The Importance of Pentecost Sunday
Pentecost is the day that the church was born. Christ was crucified, rose again, spent thirty days with His disciples, then ascended to heaven. Pentecost immediately followed. For two millennia, Christians have been celebrating the church’s birthday with joy and exuberance. Pentecost Sunday takes place 40 days after Easter Sunday. Originally, Pentecost was a Jewish holiday what was held 50 days after Passover as one of the major Jewish feasts. Here’s how it all got started.

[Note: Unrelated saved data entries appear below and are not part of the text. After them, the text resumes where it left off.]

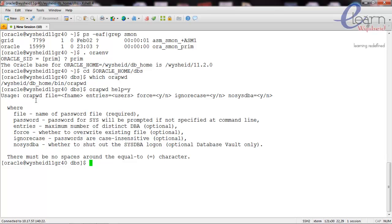The usage is: orapwd, then file equal to the password file name, entries equal to the maximum number of users who get the sysdba privilege, force equal to yes if the file is already there to overwrite it, and ignore_case yes or no - an optional value. In Oracle 11g, as discussed earlier, passwords are case sensitive.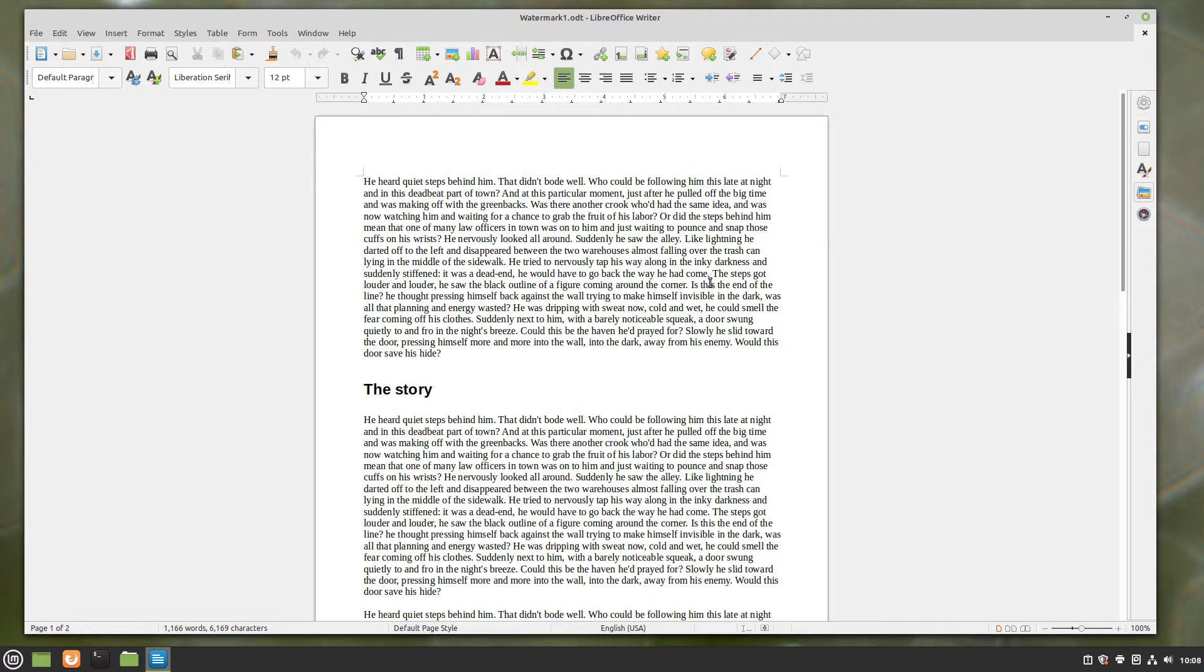In this video, we're going to be looking at creating a watermark in a document. Watermarks are used to help protect intellectual property and unauthorized use of a document.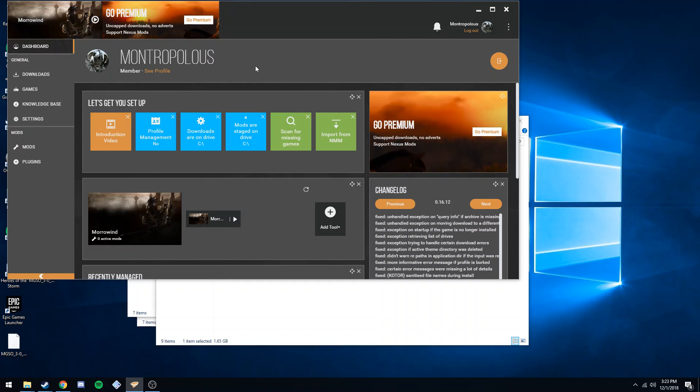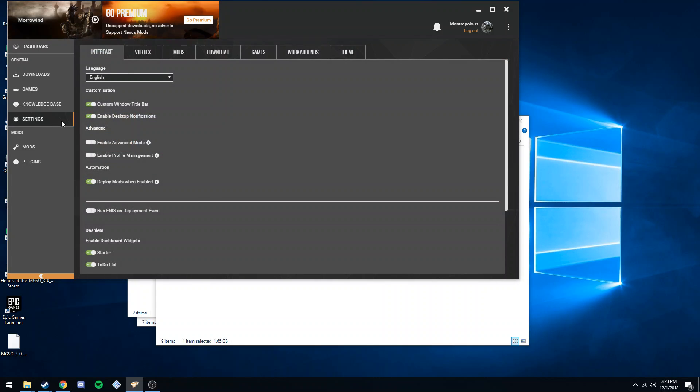This is how to change the default mod folder with Vortex. Go to left-hand nav, settings, top bar mods.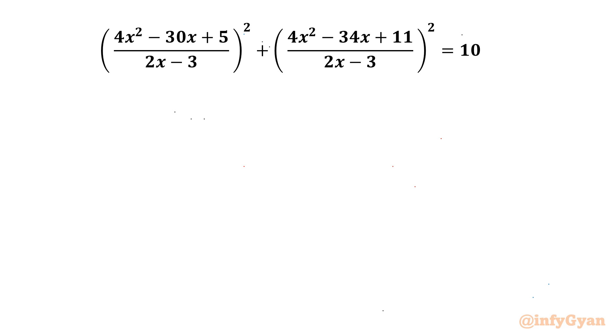Welcome back to InfiGam, my dear friends. In this video we are going to solve one very interesting question from rational equations. I will be solving this question in two ways.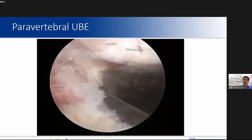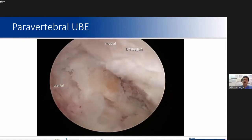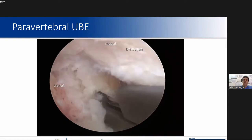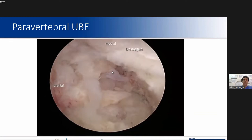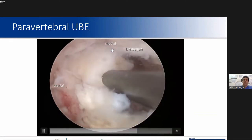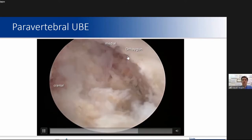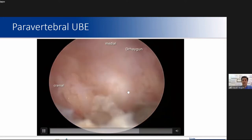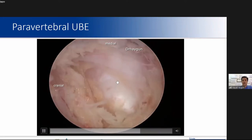By proceeding step by step, we can preserve the stability of the facet joint. The disc level is almost opened. Here is the disc.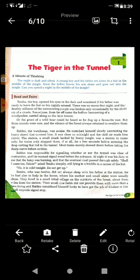There was no moon that night and the deadly stillness of the surrounding jungle was broken only occasionally by the shrill cry of a cicada. The night was totally dark with complete silence. The silence was broken only occasionally — not regularly — by the shrill cry of a cicada, which is a type of insect. Sometimes from far off came the hollow hammering of a woodpecker, carried along on a faint breeze. A woodpecker is a bird that hammers holes in trees, and its sound could be heard from a very large distance.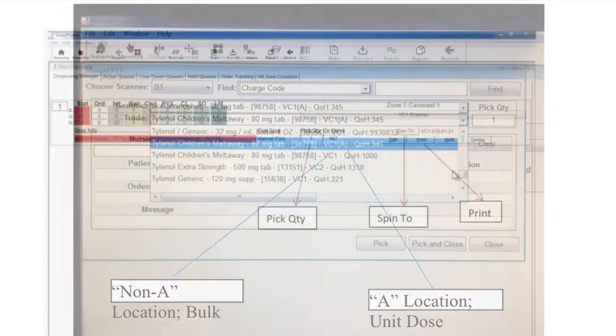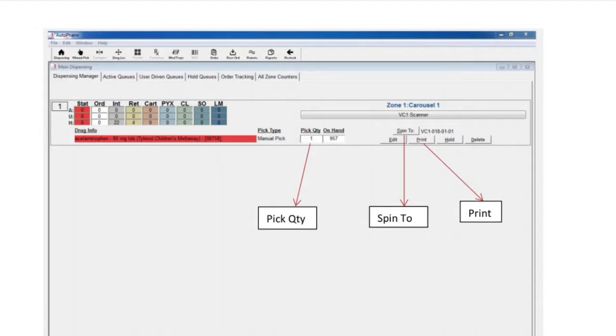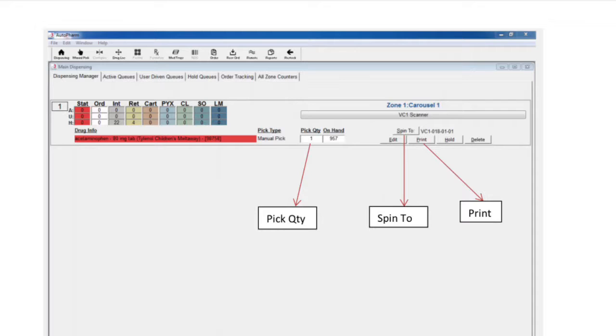Once you have selected the medication, change the pick quantity to how many you are going to be removing from the bin. The pick quantity is very important. Inputting the correct quantity removed allows the carousel to reorder accurately. Remember, the primary function of the TALIS system is to maintain and reorder inventory.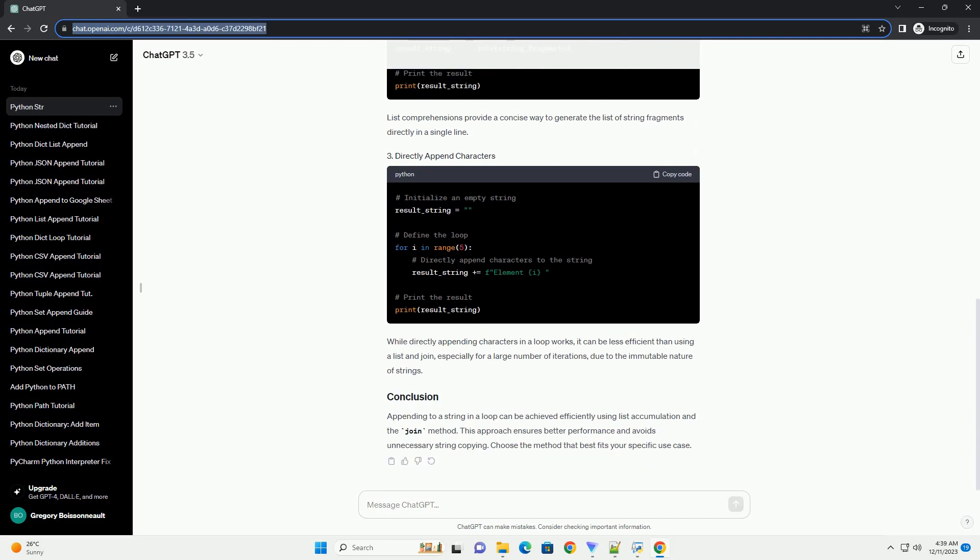Here's a step-by-step tutorial with code examples. In this example, we use a list, string_fragments, to store individual string fragments in the loop. The join method is then used to concatenate these fragments into a single string.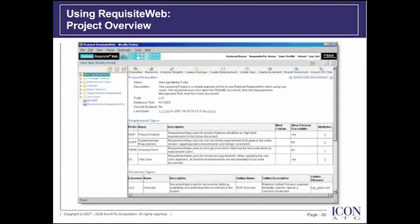On this slide, I've launched Requisite Web and accessed my New Age Media Portal project. This interface shows the same requirement types, requirements, attributes, structure, hierarchy, etc., as when using the Requisite Pro Windows client.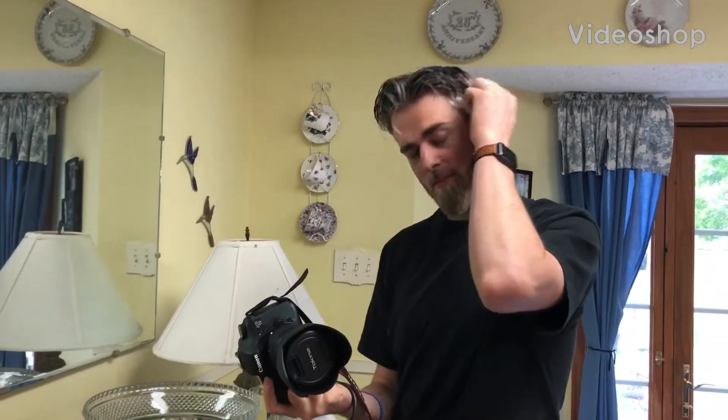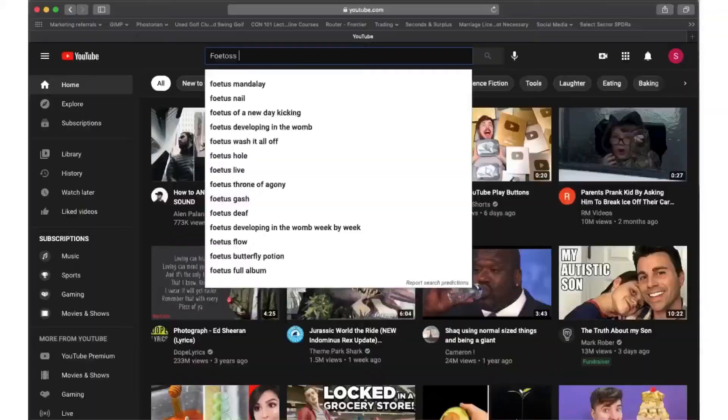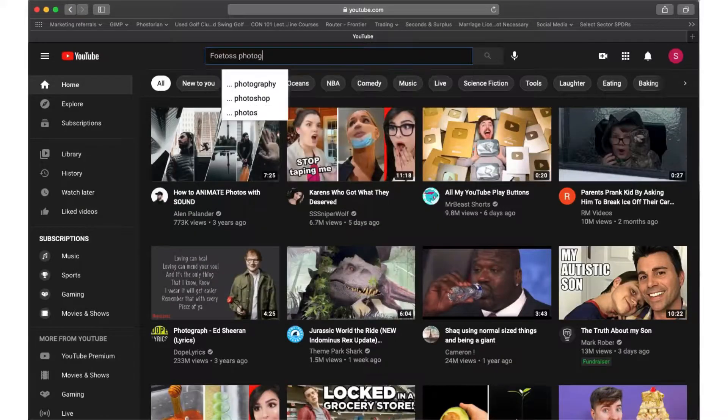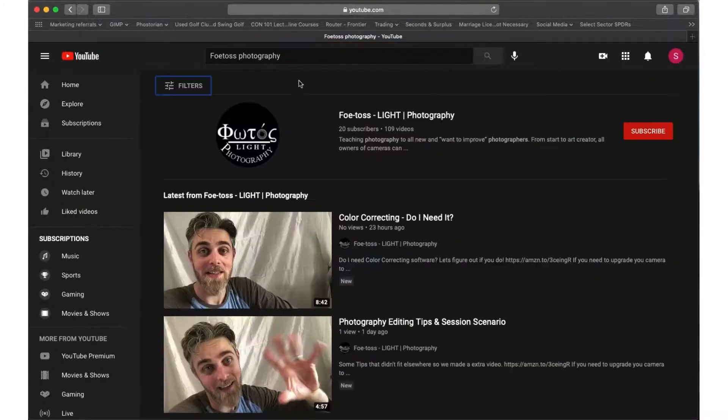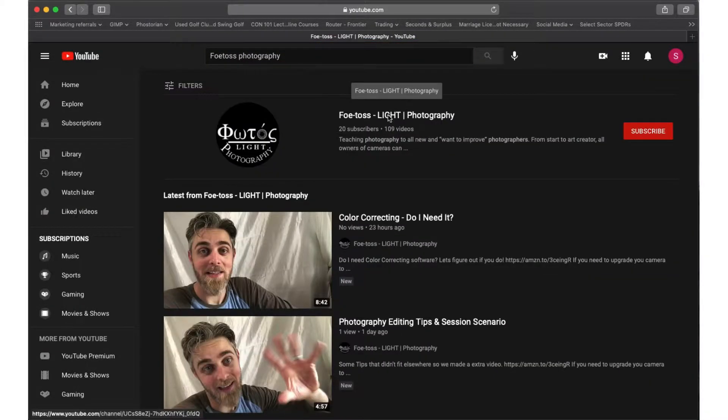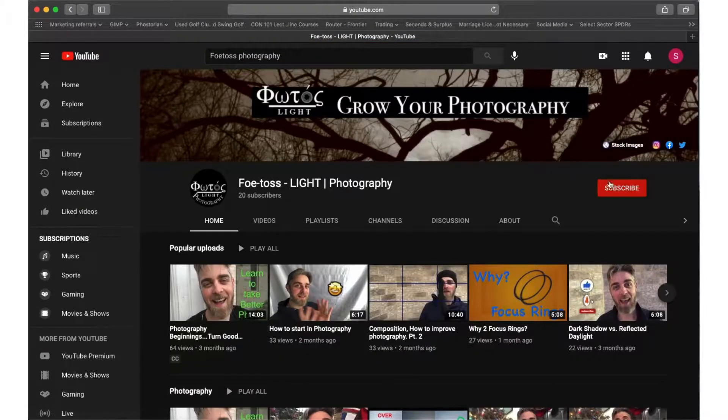If you find yourself with a camera in your hand and want to learn how to use it, please subscribe to this channel, like the videos, and comment below.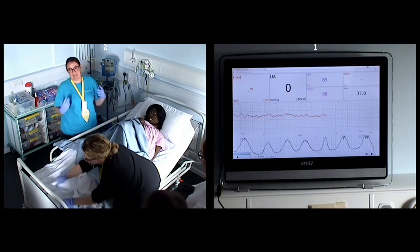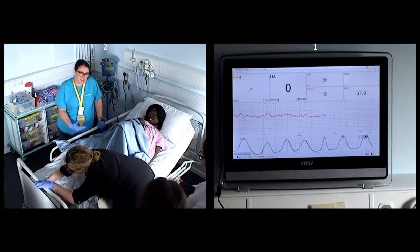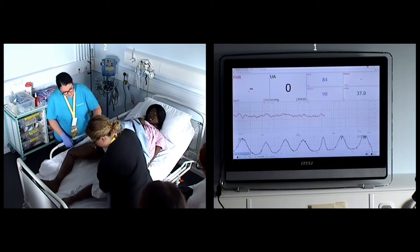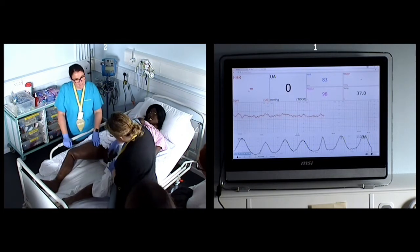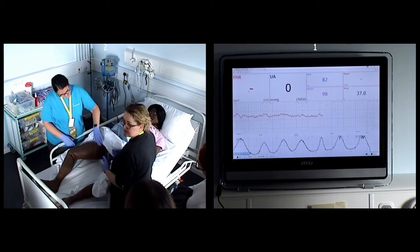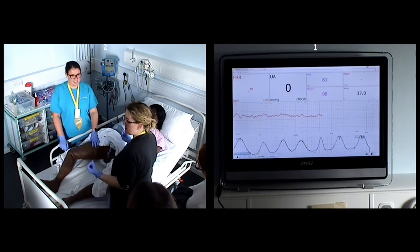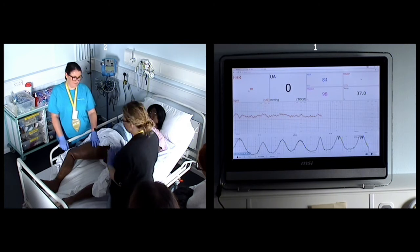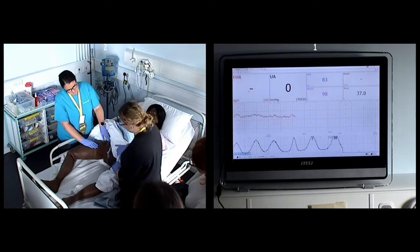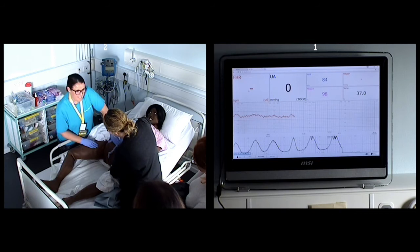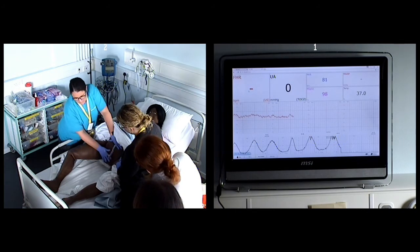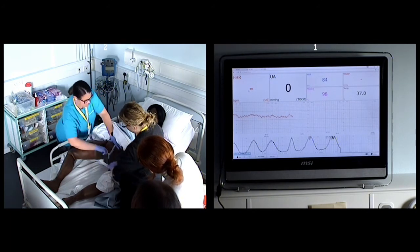Now we consider how she's going to deliver the placenta — is she going to have an active third stage and have some drugs, or deliver it herself? We're going to assume we've given her some drugs. We're going to leave the cord attached to the baby and leave it pulsating — we wait until the cord is completely white so the baby gets all the blood intended for it. We know the benefits of delayed cord clamping, so unless there was an emergency, we would leave the cord.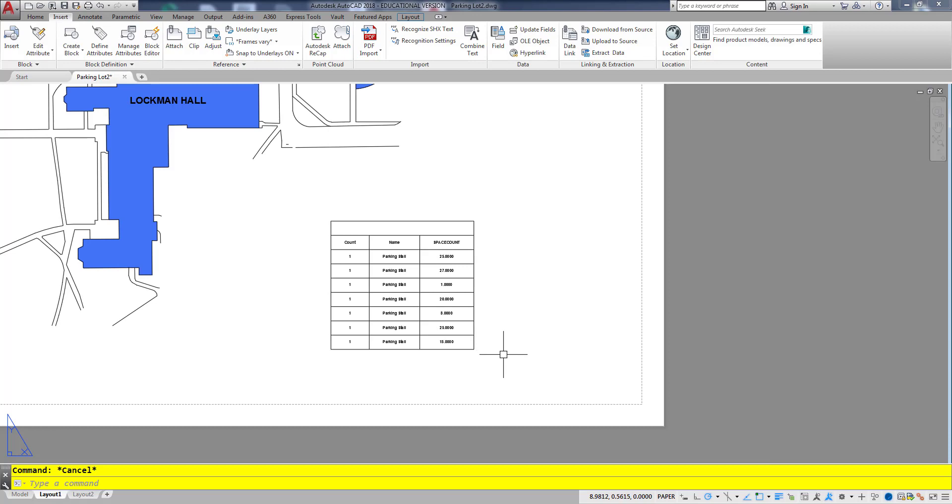So again in summary we create the dynamic block that has the array action and then we add to it the attribute that allows me to count how many there are and then finally I can go ahead and extract them remembering that you have to do a regen and then the updating of the table.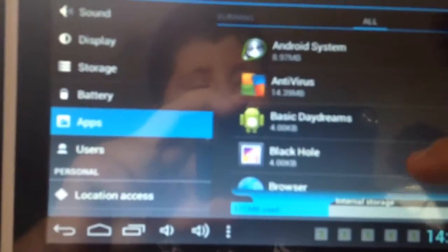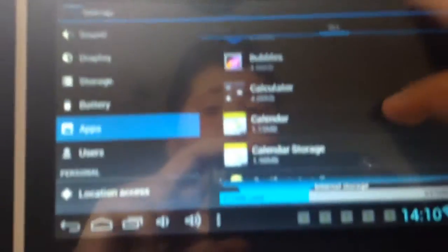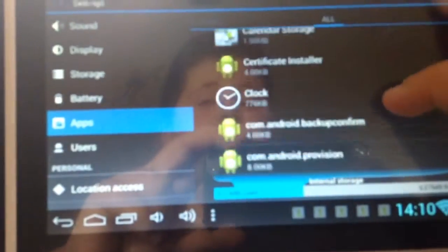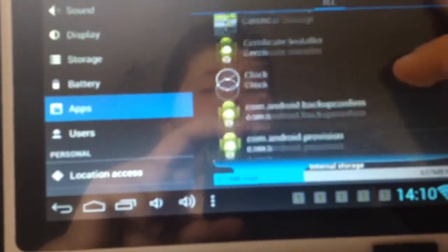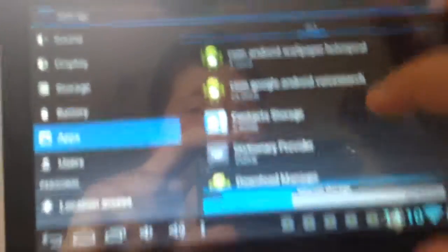Now here, scroll down until you see Contacts, Contact Storage. Here, Contact Storage.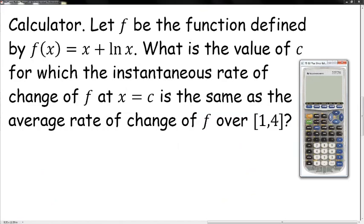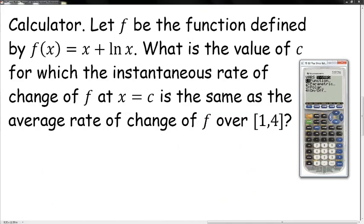Number three: let f(x) = x + ln(x). What is the value of c where the instantaneous rate of change equals the average rate of change over [1, 4]? We'll use the calculator. Put in x + ln(x). Then find the slope using (y(4) − y(1)) / (4 − 1). So using vars → Y-vars, compute [y₁(4) − y₁(1)] / 3.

Background of Pentecost Sunday
Believed to be the oldest feast in the Church, the story of Pentecost dates back to the first century A.D. The feast of Pentecost coincided with the Jewish Feast of Weeks, which occurs 50 days after the Passover (Deuteronomy 16:10). According to Jewish tradition, the Ten Commandments were given to Moses 50 days after the first Passover, which freed the Hebrews from their bondage in Egypt. As the Hebrews settled into Canaan, the feast became a time to honor the Lord for blessing the fruits of their labors. At the time of Jesus, the festival focused on rabbinical law and traditions. Since this Jewish holiday took place at the same time of the Pentecost, many Jewish Christians appropriated its celebration into their Christian commemoration of the coming of the Spirit.
Pentecost Today – How To Celebrate
Pentecost Sunday should be a day of celebration. The purest meaning of Pentecost is that of a time of renewal for Christian believers. Let it be a Sunday of renewal, focused on evangelism, empowerment from the Holy Spirit, deeper intimacy with God, and fellowship. Pray that your celebration of Pentecost imparts faith, hope, a sharing of community, and an awareness of a purpose much greater than themselves in your congregation. Let your worship service be an explosion of color and sound, lights, and joyous music. It’s the church’s birthday after all.